One of my favorite bookstores is the Bard Street Bookstore off Pier Avenue in Hermosa Beach. It’s run by the Friends of Library out of a small garage and stocked with hundreds of donated books. You can find everything from Shakespeare’s “The Tempest” to the JK Rowling’s Harry Potter series, all for a dollar each.

I went there to find the books on my summer reading list, instead of Barnes and Noble, where I would have spent a lot more of my mom’s money.

As I headed down Pier Avenue to turn at the Stars Antique Market, a 10-foot-high metal fence blocked my access to the bookstore. Confused, I circled around the back to the 11th Street entrance where there was another metal gate, barrier and lots of signs: Do Not Enter Road Closed and No Pedestrian Access to Pier Ave.

Was I breaking the law by heading to the bookstore? And why was it so hard to get there? To visit the Bard Street Bookstore visitors must walk in the front door of city hall and out the back door to Bard Street.

Hermosa Beach Police Capt. Milton McKinnon was kind enough to meet with me to provide some answers. Closing off Bard Street to pedestrians and cars was a “safety issue,” he said.

Before the street barriers, police and fire trucks had trouble getting around pedestrians and cars when responding to emergency calls.

Making it less dangerous for pedestrians was a top priority. Another priority was to provide an enclosed area for police officers and staff to park their cars, some of which had been vandalized, McKinnon said.

“Some people don’t necessarily like the police and here we are exposing our officers at late night hours, or even right now, where they walk out and right then and there, they’re on. There was no security,” he said.

Hermosa Beach was the only city in the South Bay that did not provide an enclosed area to park police and employee cars, McKinnon explained.

The gates provide an enclosed and secure area for police cars, but they also cut off access to the bookstore.

“It’s a terrible idea,” Friends of the Library volunteer Sue de la Camp said of the barriers. “I think that it is totally not what the beach community, Hermosa Beach, has prided itself on, a warm open community.”

De la Camp said the city’s original plan was to relocate the bookstore to another location, but those plans have stalled because of a lack of funding.

When I asked McKinnon if is he would consider leaving a small portion of the front door open while the bookstore in open on Monday mornings from 9 a.m. to noon, he said it was not a possibility.

“I am not okay with that,” he said. “I recognize that it’s pain.

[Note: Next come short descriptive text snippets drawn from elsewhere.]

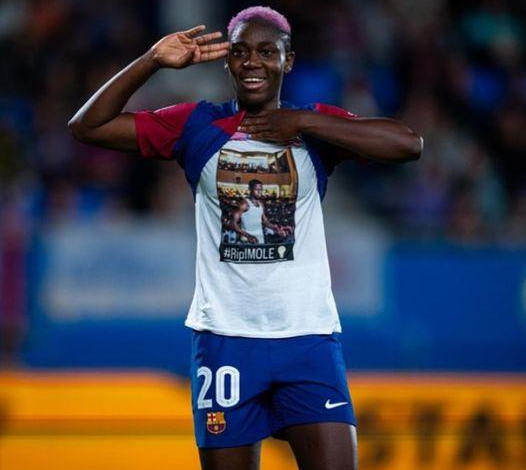 In Picture:  Asisat Oshoala Pays Tribute To MohBad  At Johan Cruyff Stadium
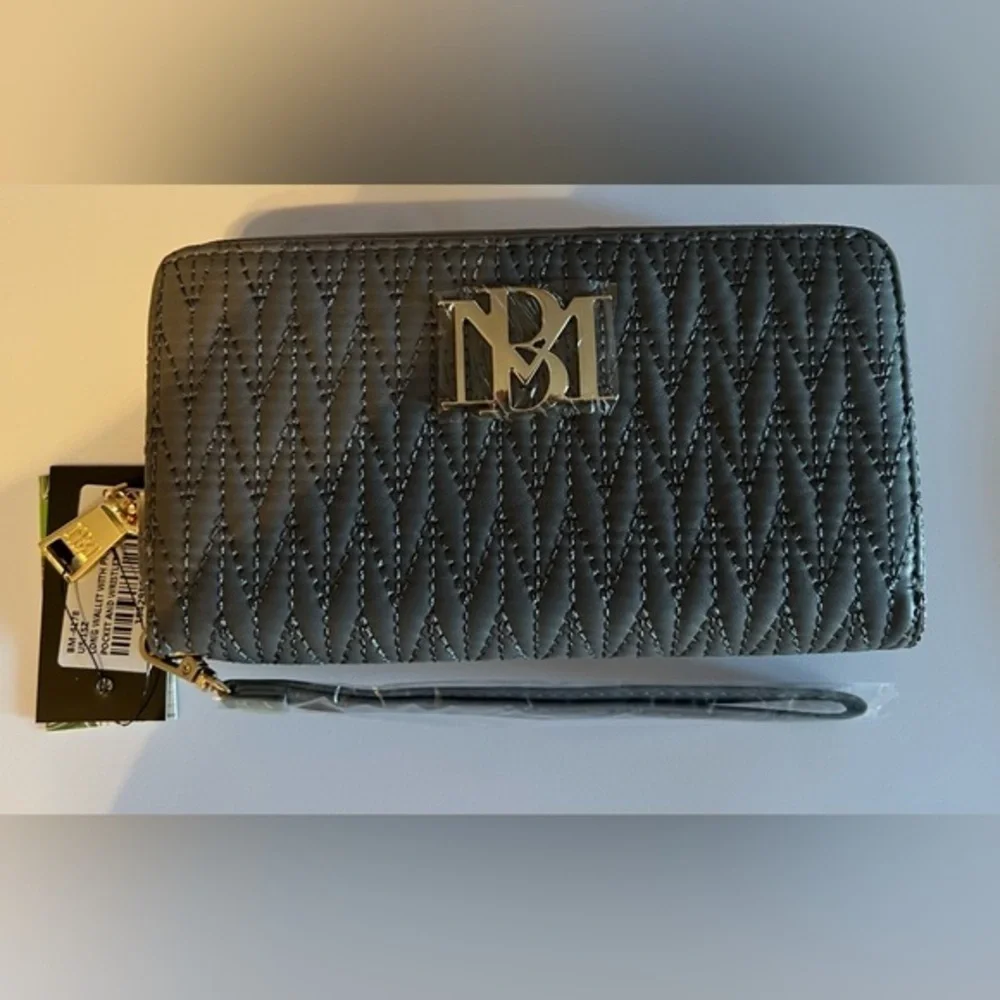 Badgely Mishka Gray Long Wallet with Phone Case Quilted with Logo Designer NIP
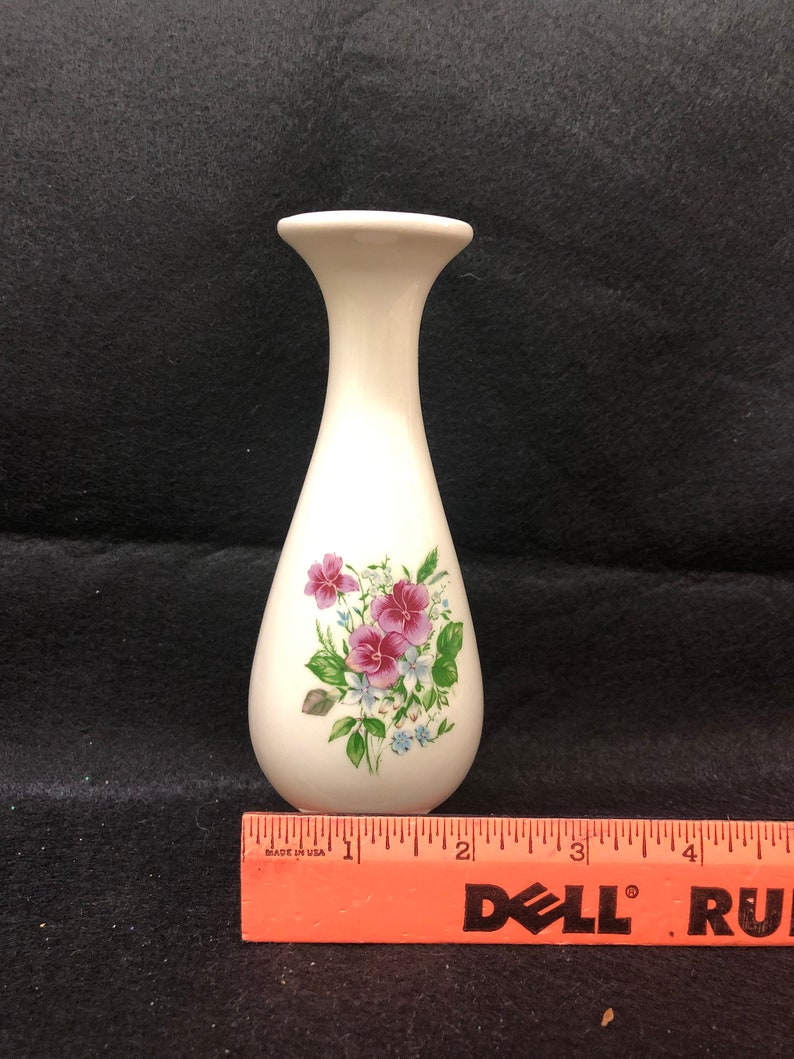 Vintage Porcelain Bud Vase Floral Design 7 Inches Tall - Etsy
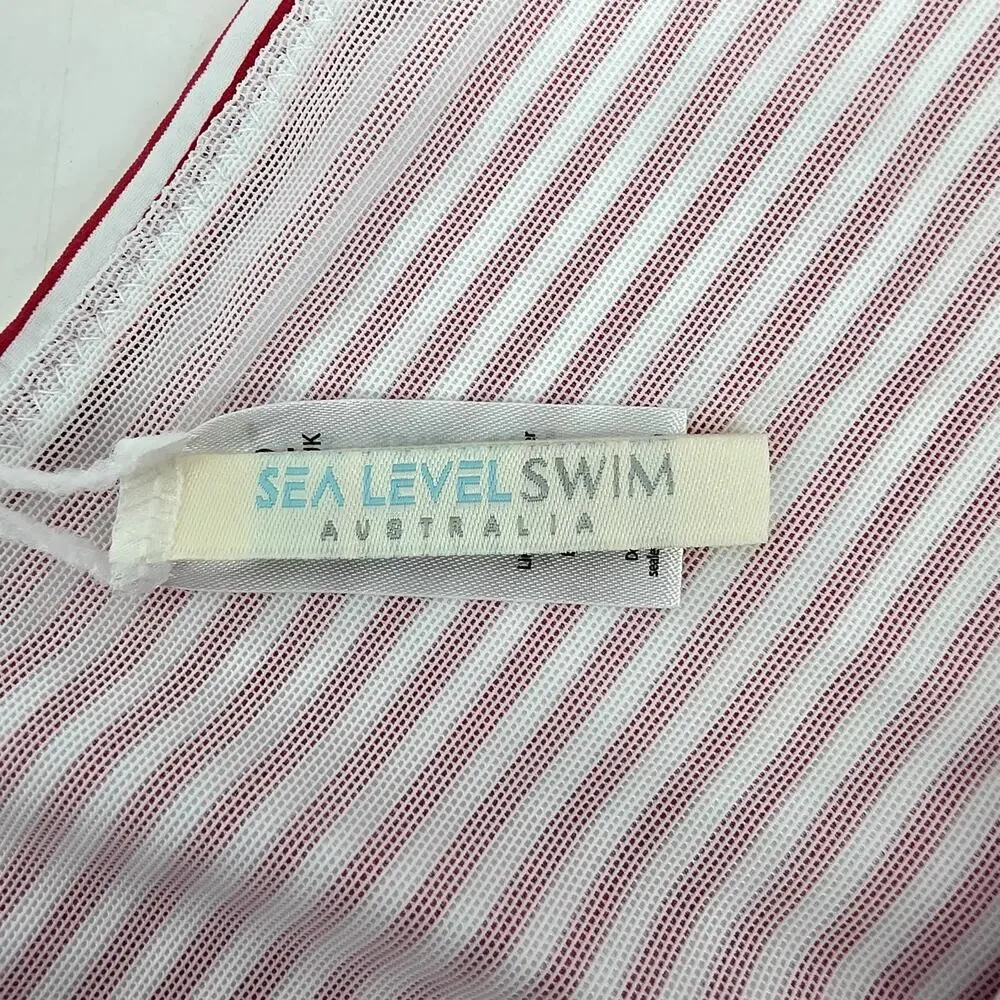 NWOT Sea Level Swim Red & White Stripe Varsity Mid Rise Bikini Bottoms Size 8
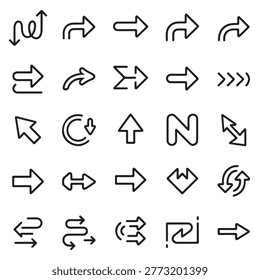A set of 20 different black arrow icons in various styles and directions on a pure white background, including curved, straight, and circular arrows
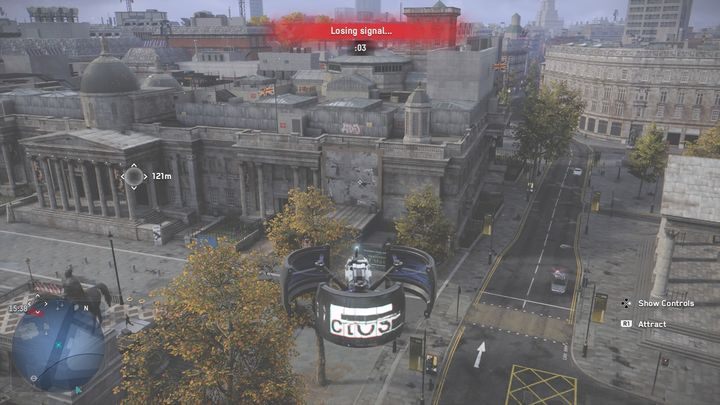 The space for Paste-Up was placed on the building at the southern border of the restricted zone - Watch Dogs Legion: Paste Up - City of Westminster map, locations - City of Westminster - Watch Dogs Legion Guide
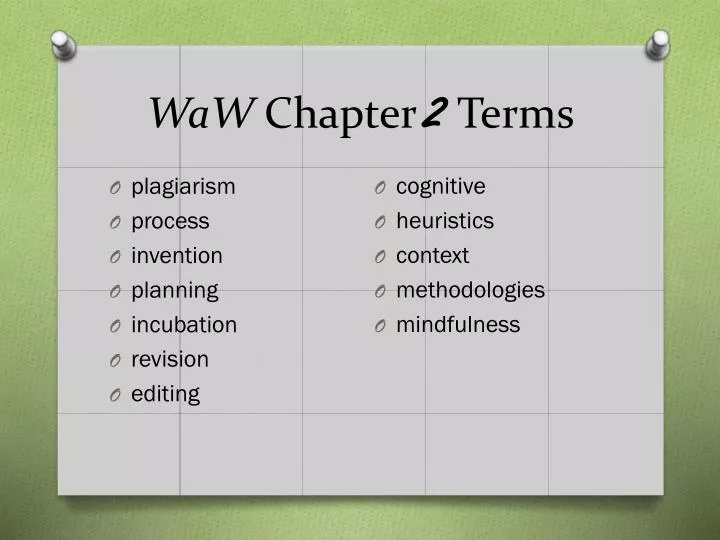 waw chapter 2 terms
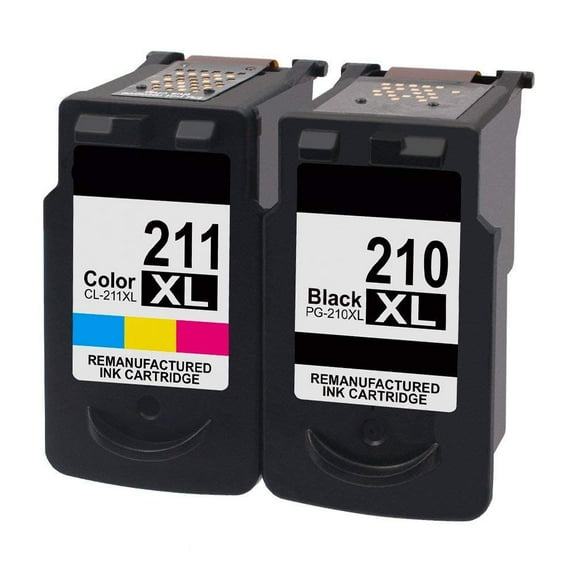 Replacement PG-210XL PG 210 XL CL-211XL CL 211 XL High Yield Ink Cartridge compatible for Canon PIXMA iP2700 MP230 MP240 MX320 MX350 Printer (Black and Tri-Color, 2 Pack)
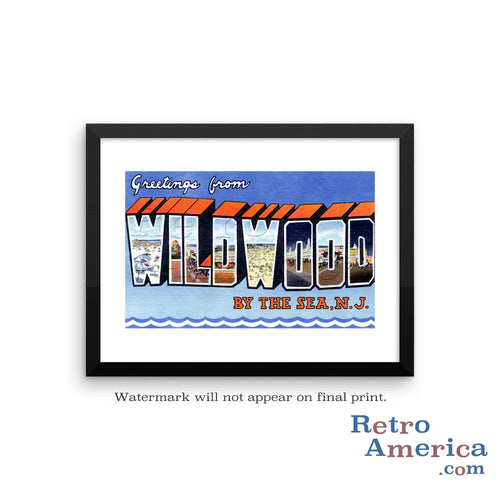Greetings from Wildwood By The Sea New Jersey NJ 1 Postcard Framed Wall Art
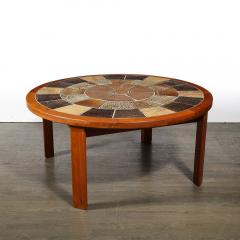 Mid Century Modernist Inlayed Earth Toned Tile Cocktail Table in Teak - 4075913
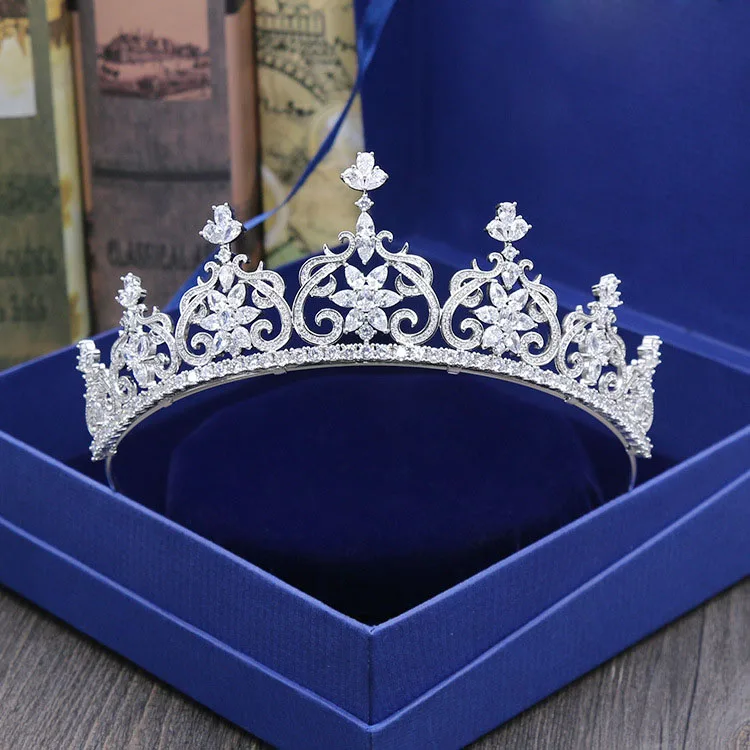 SLBRIDAL великолепные свадебные с кубическим Цирконом тиара невесты CZ Корона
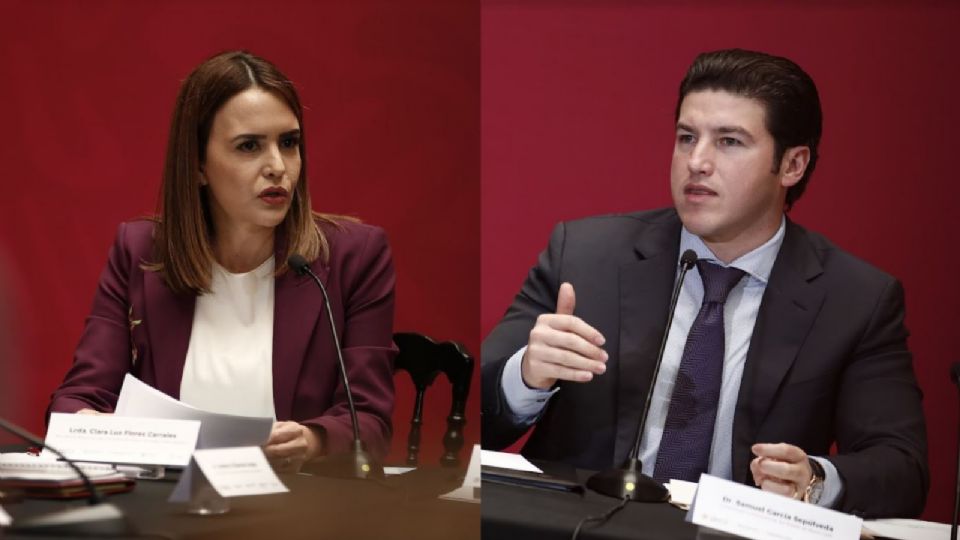 Clara Luz Flores, Secretaria Ejecutiva del Sistema Nacional de Seguridad Pública y Samuel García, gobernador de Nuevo León. Foto: Dalia Manríquez / ABC Noticias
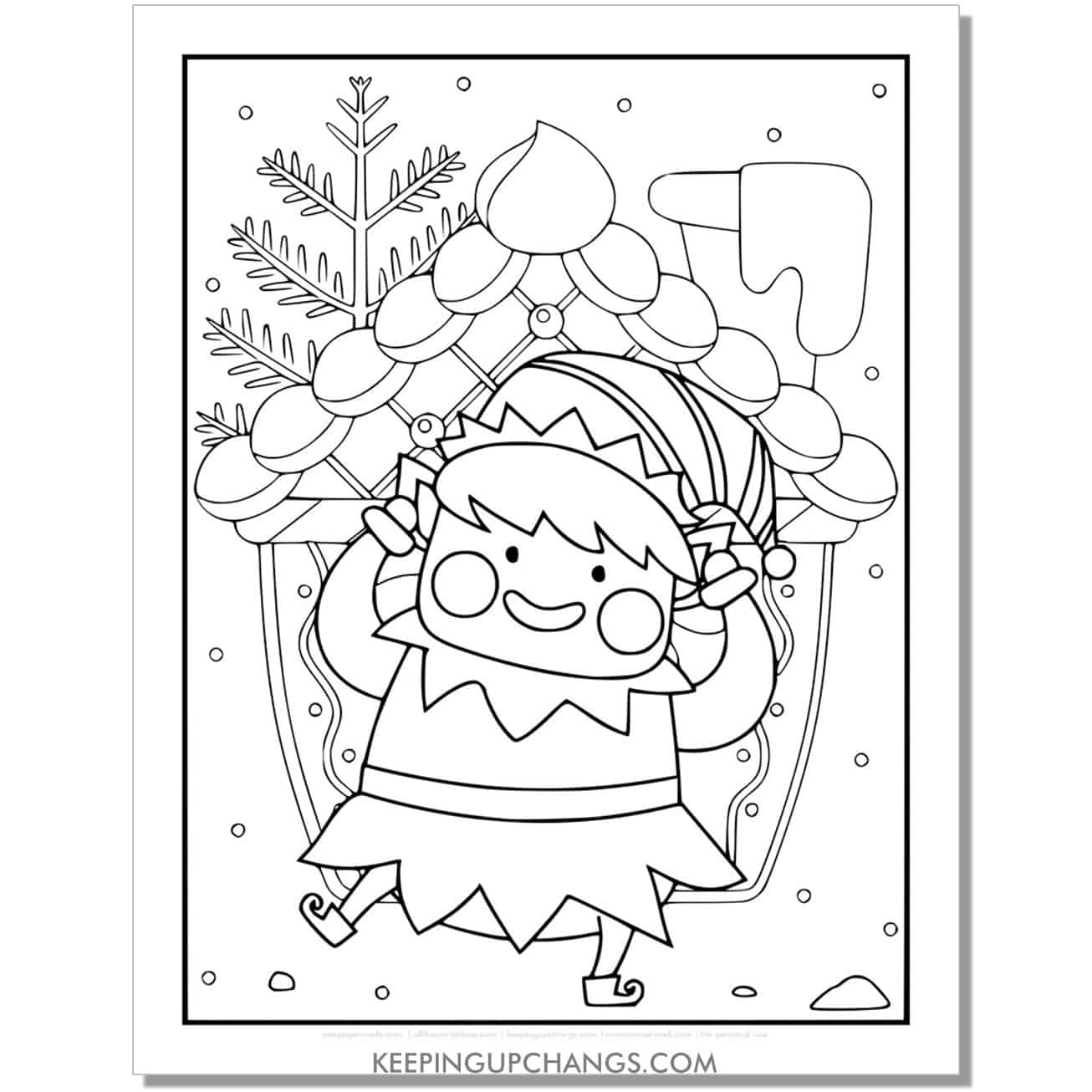 free elf with gingerbread house full size coloring page.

But I’m not going to leave that open right now.”

McKinnon said the police department is waiting on a lock, expected next month, so people could exit from the Pier Avenue gate, but it cannot be used as an entrance.

In the meantime, foot traffic and donations have gone down at the bookstore.

I found every single book on my summer reading list at the Bard Street Bookstore, but I had to go through an obstacle course to get there.

Once I got there, the volunteers were super friendly and helpful, and really encouraged reading. I wouldn’t want my generation, a generation that loves to play video games and watch cat videos on YouTube, to miss out on that.